More international students will be able to get their PhD from Ryerson University thanks to increased funding from the provincial government.

Ryerson and the Ontario government will provide three international PhD students with $40,000 per year for four years in order to help them get their doctorate.

The government will provide twothirds of the funding, with the university picking up the remaining third. The funding will be available starting in fall 2011.

“Individuals coming to study from overseas bear huge financial pressure,” said Diana Ning, co-ordinator of International Student Services at Ryerson.

Ning said paying for tuition and living expenses is the number one challenge for international students.

They pay nearly double the tuition of domestic students. Domestic tuition is regulated and can only increase 5 per cent per year, whereas the institution can set international student tuition.

This initiative will help provide international students with the extra support that they do not currently receive, according to Ryerson president Sheldon Levy.

“The difference is that when a university takes in a Canadian or a landed immigrant student, the province funds that student,” said Levy.

“When an international student is recruited to any university in Ontario, [they get] zero from the province.”

Levy added support from the scholarship would make it easier for Ryerson and other Ontario universities to recruit the world’s best talent because they would be able to provide them with financial aid.

“It’s a great investment,“ said Levy. ”If you believe that you have to be competitive for the best minds in the world… then it’s a good investment.”

The province has left the criteria for who receives the scholarship up to individual universities.

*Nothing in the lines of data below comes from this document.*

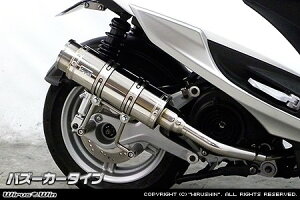WirusWin ECYEB C}t[ VOiXX SR YAMAHA }n tGL][Xg}t[ }t[ IvVFȂ / ^CvFoY[J[^Cv / dlFo[WAbv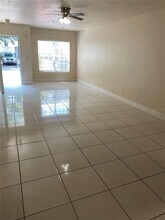 4344 S Kirkman Rd-Unit -605 in Orlando, FL - Building Photo - Building Photo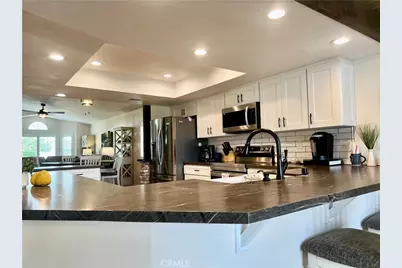 28870 Broken Arrow Cir, Menifee, CA 92584 - Photo 23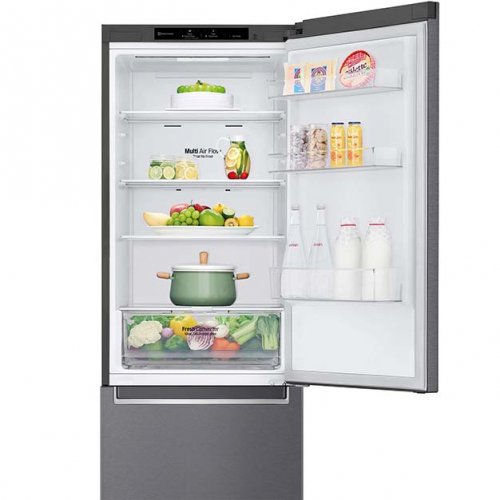 Imagen adicional del producto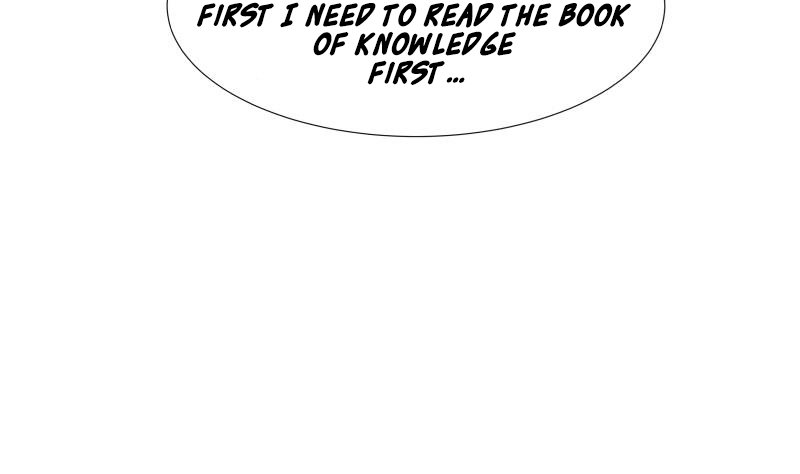 Page 36 of Chapter 8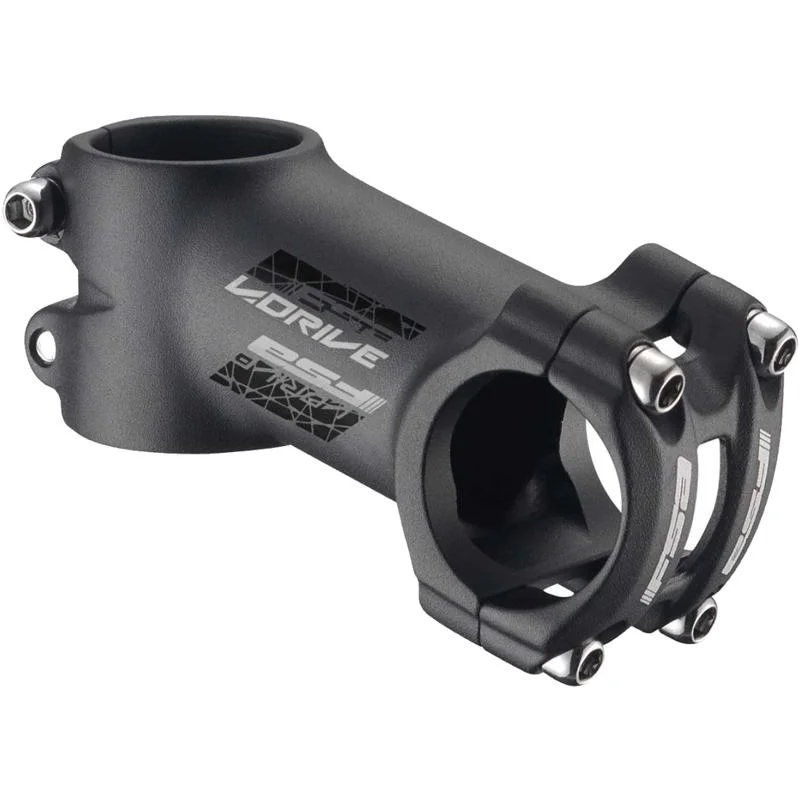 bicyclebuys-424036
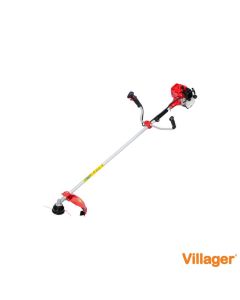 AGM Motorni trimer 330 E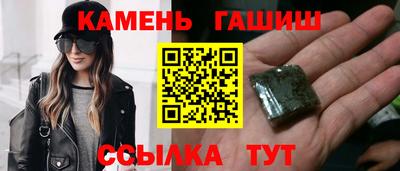 mix Бугуруслан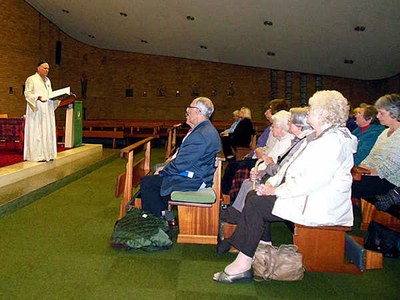 121003-04.jpg 121003-04.jpg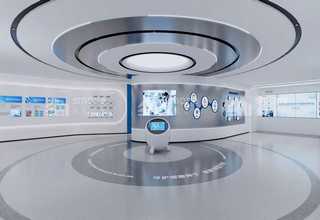 PolyplusPEI转染试剂使用注意事项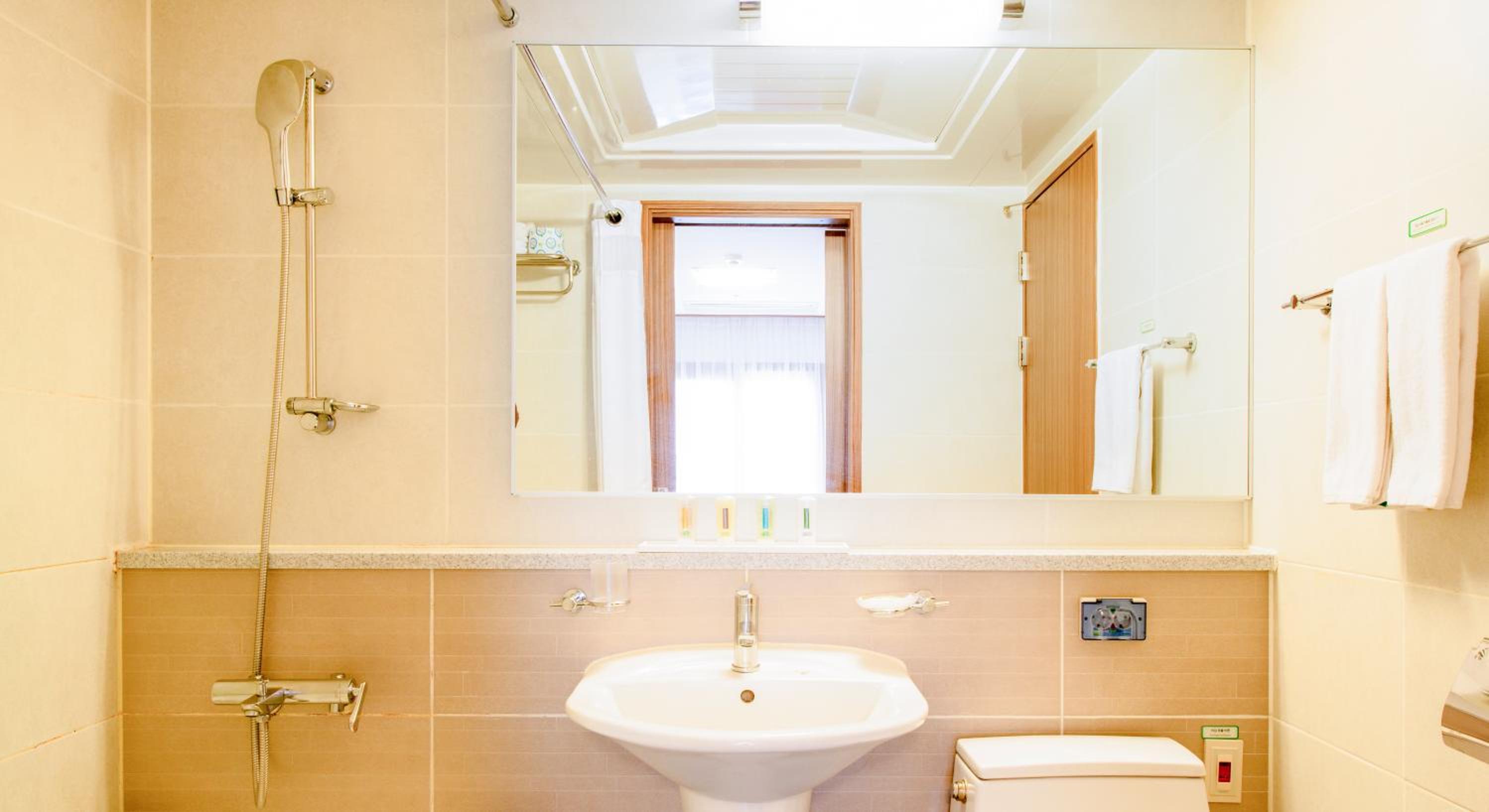 holiday inn alpensia pyeongchang suites by ihg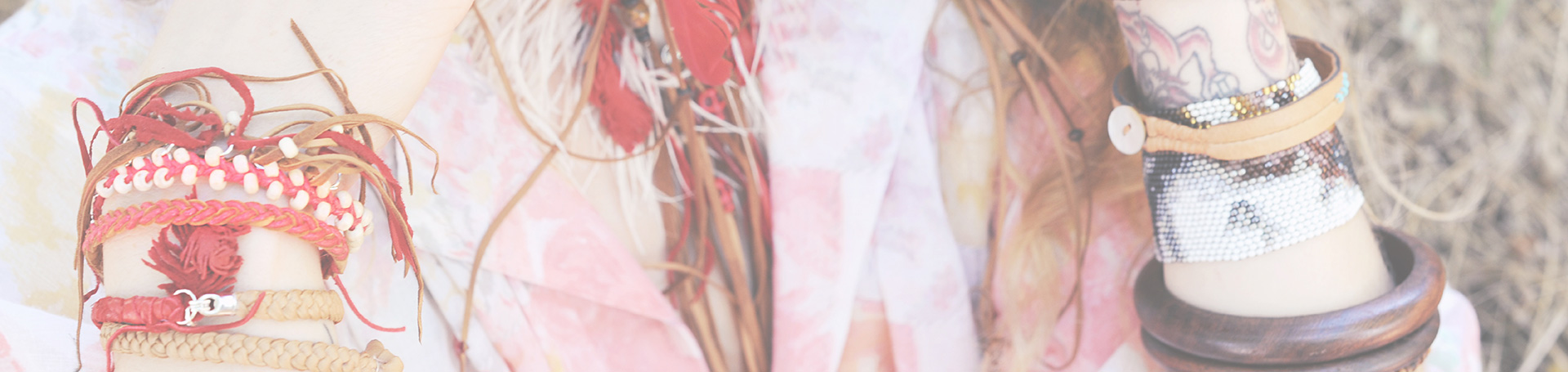 Shexco Pty Ltd Product Ranges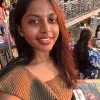 Yashaswini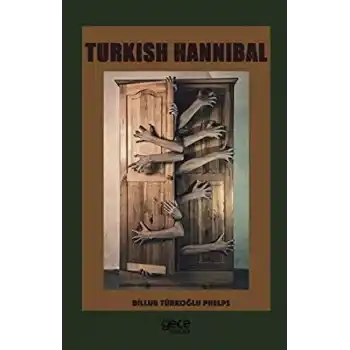 Turkish Hannibal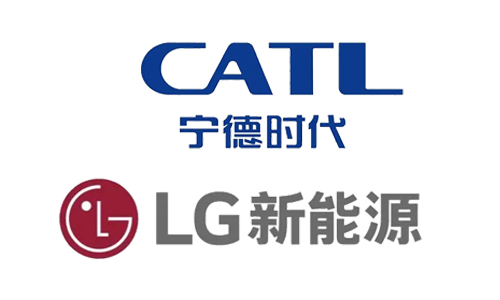 尊龙凯时UPS行业动态：宁德时代、LG 新能源将为雷诺电动汽车子公司 Ampere 供应磷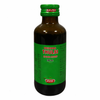 https://cdn.shopify.com/s/files/1/1857/6931/files/ChatGPTImageApr1_2026_06_45_01PM.png?v=1775049313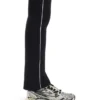 Be Right Back Knit-Sneakers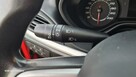 Fiat Tipo 2019r 1.4 95KM_Salon PL_FV VAT 23% Zad - 16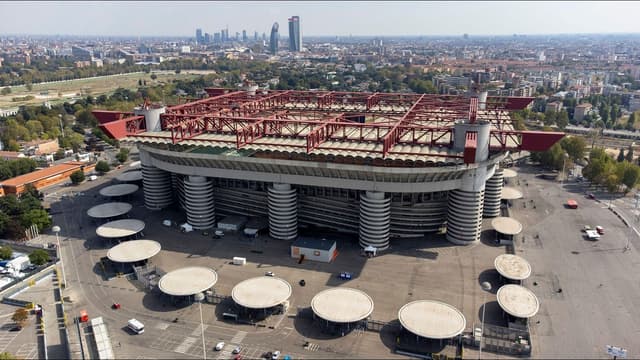 liverpool-chase-historic-third-win-in-milan-at-san-siro-tonight-2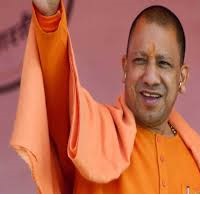 सीएम योगी का वाराणसी दौरा आज: विकास कार्यों का लेंगे जायज़ा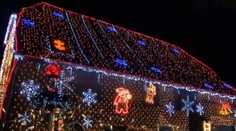 Európanov chytila mánia, ktorú "odkukali" od Američanov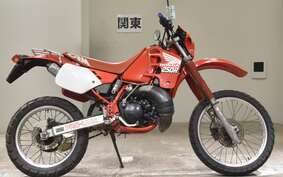 HONDA CRM250R MD24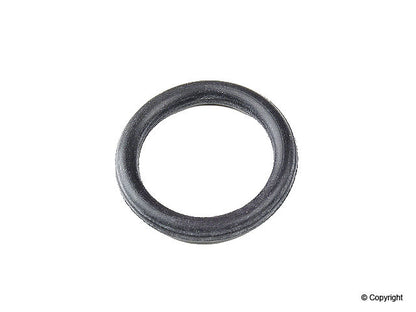 CRP Engine Coolant Temperature Sensor O-Ring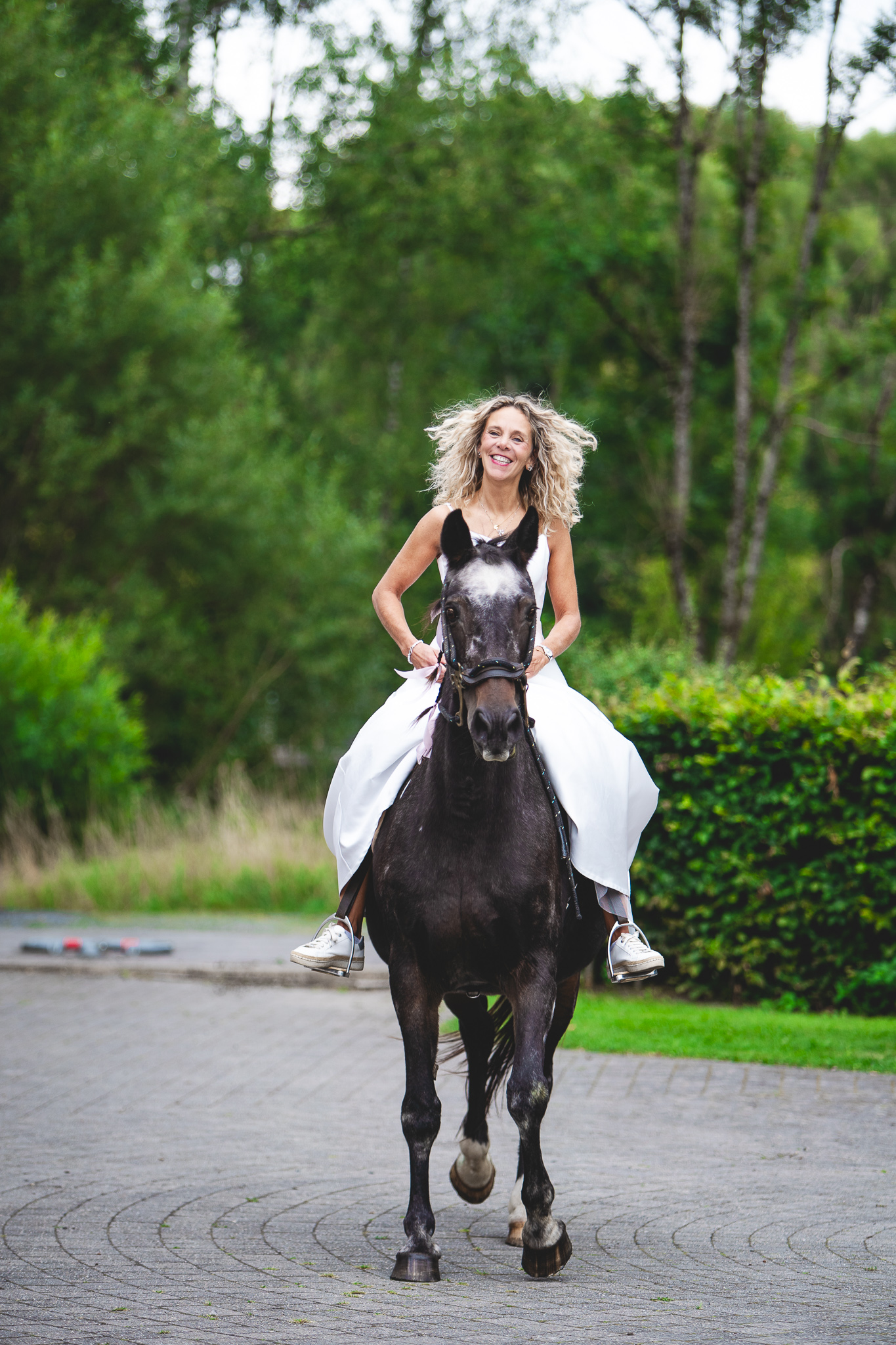 Mariage Dolly & Seb Mariage Dolly & Seb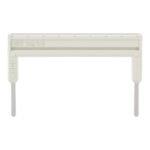 Wago 2000-439 - Image 2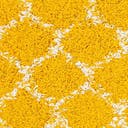 Rug Yellow Swatch link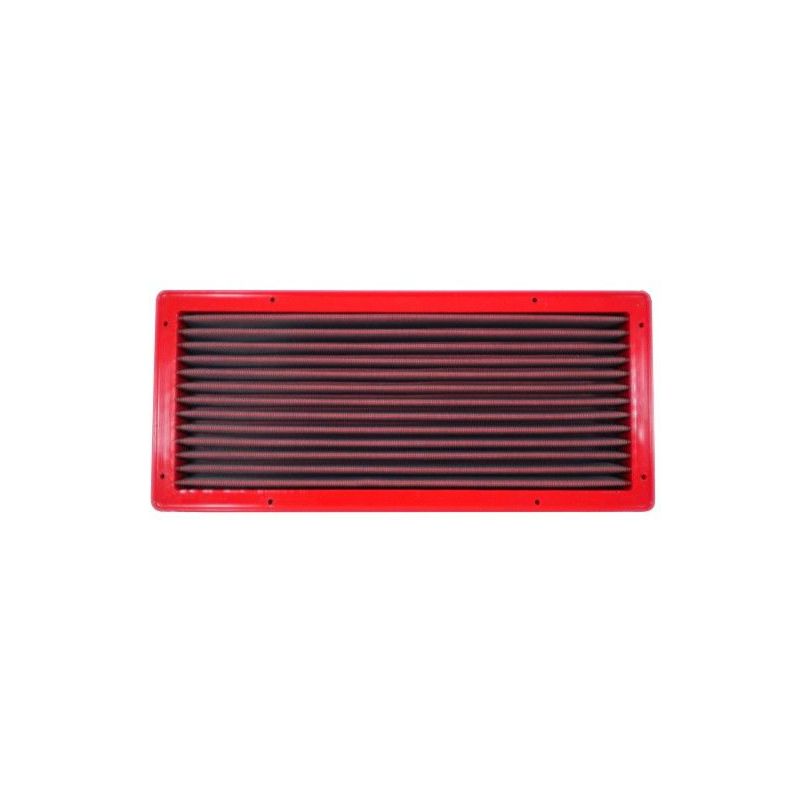 Panelowy filtr powietrza BMC  do aut Porsche 911 930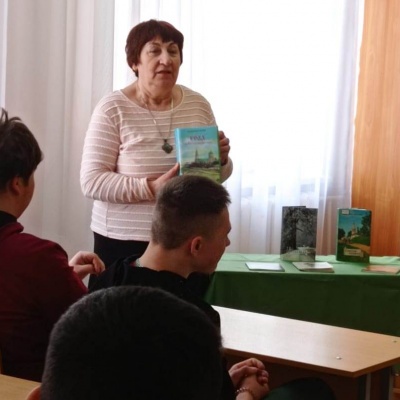 &laquo;Нет  в  моей  родословной  короны&hellip;&raquo; 5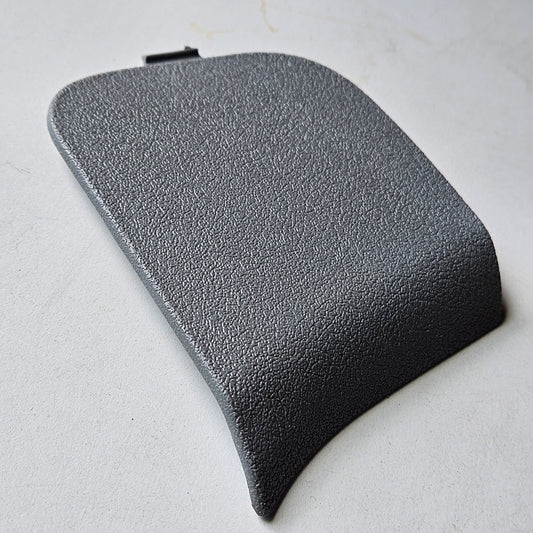 Tapa Asiento Jeep Commander 2005 2010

Dr. Alan Shepard, provost and vice-president academic, will collaborate with the dean of graduate studies to decide on the criteria for the recipients.

But the university has not worked out the details yet. But, according to Levy, the decisions surrounding the recipient criteria will have to be made by January or February 2011.

“You’re going to have to recruit students and they’re going to have to know,” said Levy. “You can’t recruit students in September.”

Dalton McGuinty announced the new scholarship while on a visit to China. The scholarship will fund a total of 75 international PhD students across Ontario. Ontario’s 17 universities will receive at least two spots, with 15 of them going to the University of Toronto.

But opposition parties are upset about the decision. Tim Hudak, PC leader and opposing candidate in the upcoming election, told the Toronto Sun he would shift the spending to domestic students.

“Hopefully they’ll want to stay here, if not they’ll go back to their own country and become great ambassadors,” said Tyler Charlebois, spokesperson for John Milloy, Minister of Training, Colleges and Universities.

Both McGuinty’s office and Ning say international students bring an economic benefit to the province because they rent apartments and buy things. Ryerson currently has 1300 international students, 230 of whom are graduate students in either Masters or PhD programs.

The fund is provided through collaboration between the Ontario government and universities. The government will contribute $20 million, while universities will provide $10 million.

The premier’s announcement is part of the Open Ontario Plan, a suite of government policies aimed at improving Ontario’s economy. Ontario hosted a total of 38,000 international students in 2009-2010.

The government hopes to achieve an increase of 50 per cent in international enrollment over the next five years.